[[ Exercise data open ]]

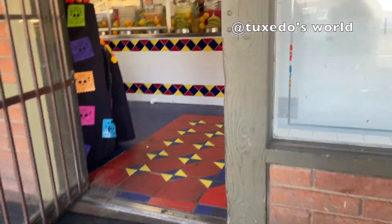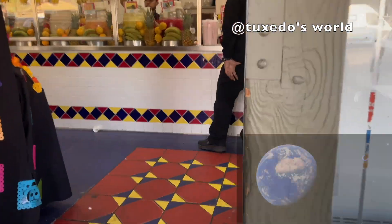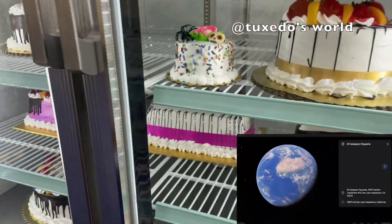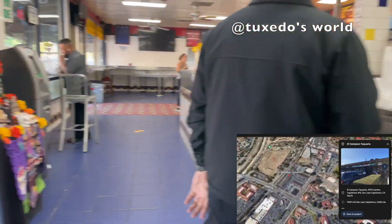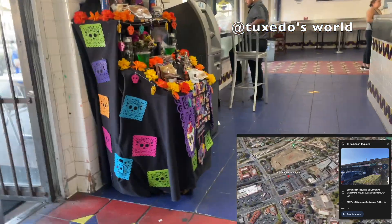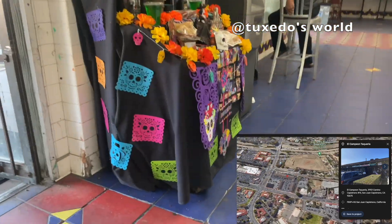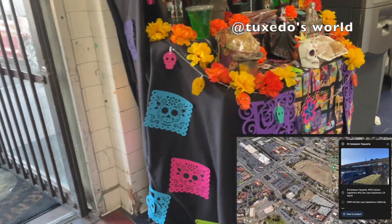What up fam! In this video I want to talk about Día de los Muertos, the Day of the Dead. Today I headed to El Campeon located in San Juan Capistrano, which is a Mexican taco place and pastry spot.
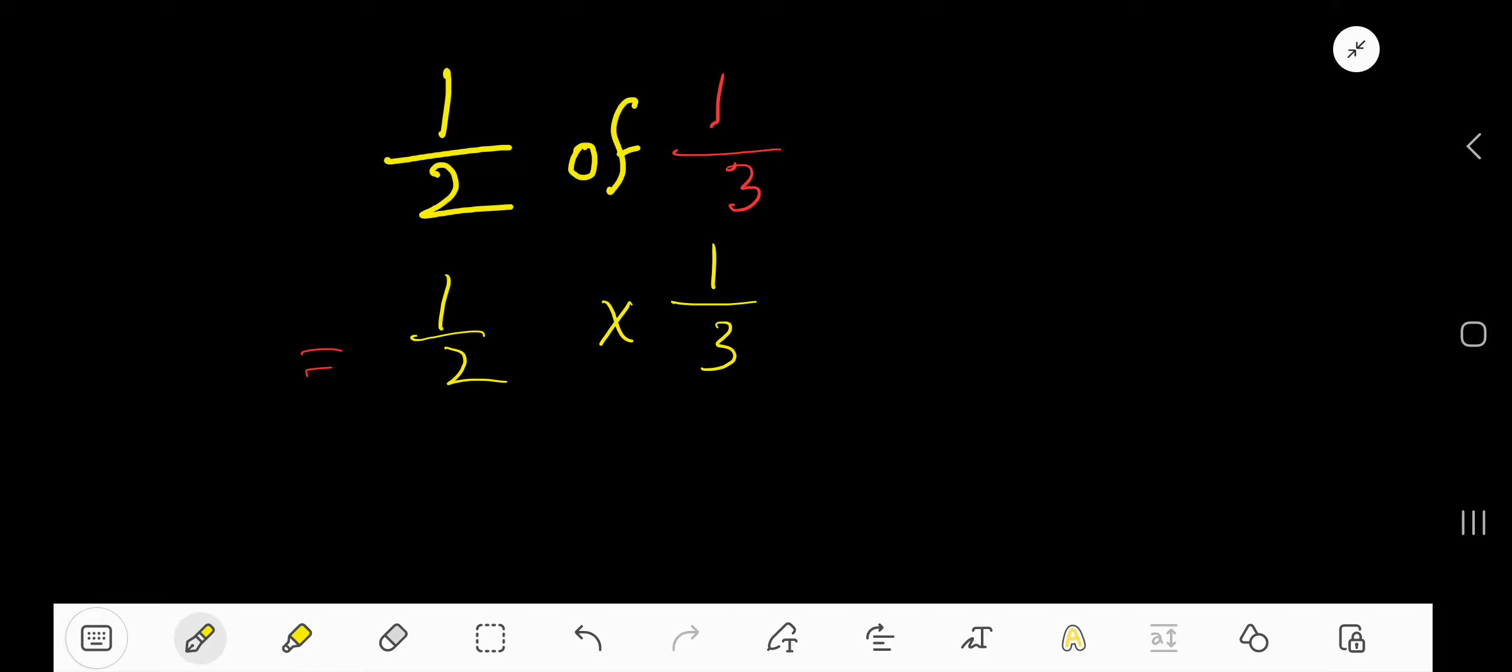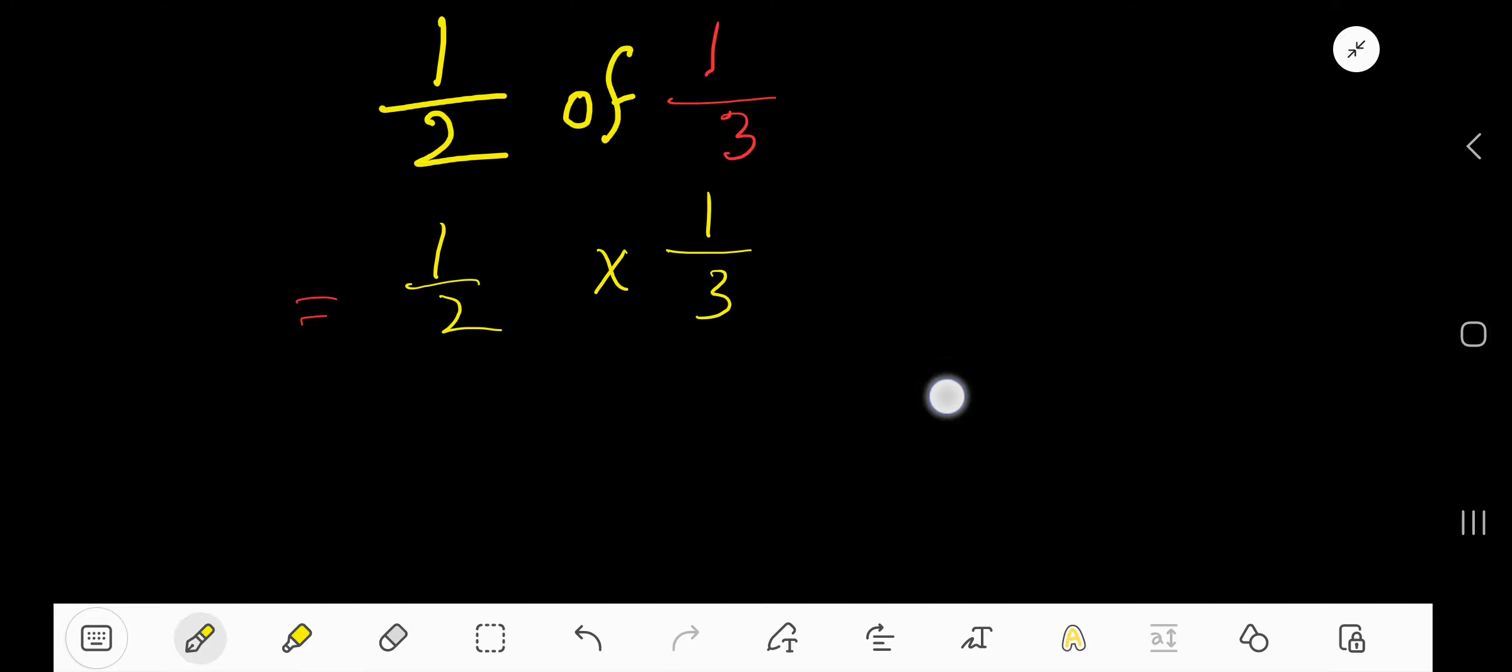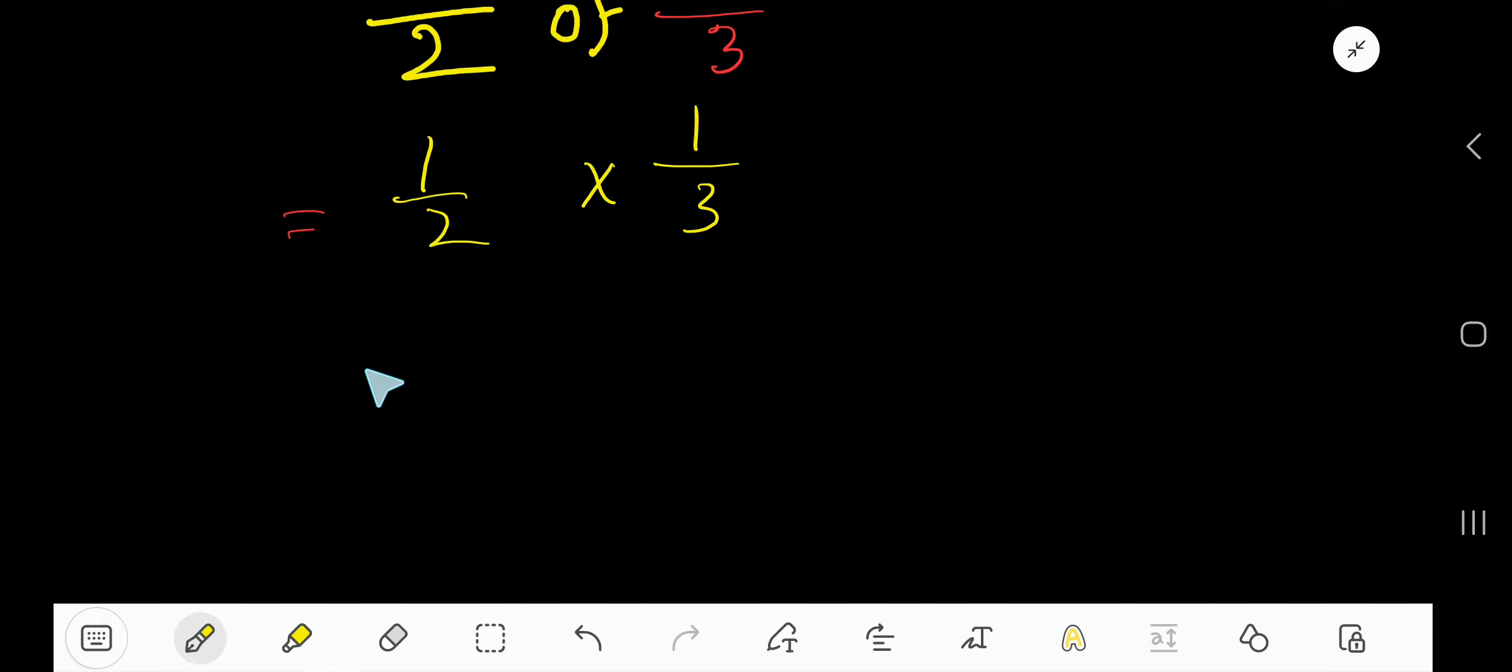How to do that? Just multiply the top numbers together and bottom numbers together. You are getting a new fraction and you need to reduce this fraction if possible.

[[ Exercise data closed ]]
[[ Exercise data open ]]

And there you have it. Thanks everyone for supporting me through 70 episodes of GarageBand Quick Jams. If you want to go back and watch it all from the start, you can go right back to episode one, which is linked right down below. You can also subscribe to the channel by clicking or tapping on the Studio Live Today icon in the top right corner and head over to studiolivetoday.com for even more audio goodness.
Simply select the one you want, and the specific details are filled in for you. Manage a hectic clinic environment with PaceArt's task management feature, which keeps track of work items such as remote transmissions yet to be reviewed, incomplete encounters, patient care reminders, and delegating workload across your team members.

[[ Exercise data closed ]]

### Work to complete
From the entries above, write out only the lines starting at the line that holds "And there you" and ending at the line that holds "Simply select the", keeping both and matching them exactly.

### Task response
And there you have it. Thanks everyone for supporting me through 70 episodes of GarageBand Quick Jams. If you want to go back and watch it all from the start, you can go right back to episode one, which is linked right down below. You can also subscribe to the channel by clicking or tapping on the Studio Live Today icon in the top right corner and head over to studiolivetoday.com for even more audio goodness.
Simply select the one you want, and the specific details are filled in for you. Manage a hectic clinic environment with PaceArt's task management feature, which keeps track of work items such as remote transmissions yet to be reviewed, incomplete encounters, patient care reminders, and delegating workload across your team members.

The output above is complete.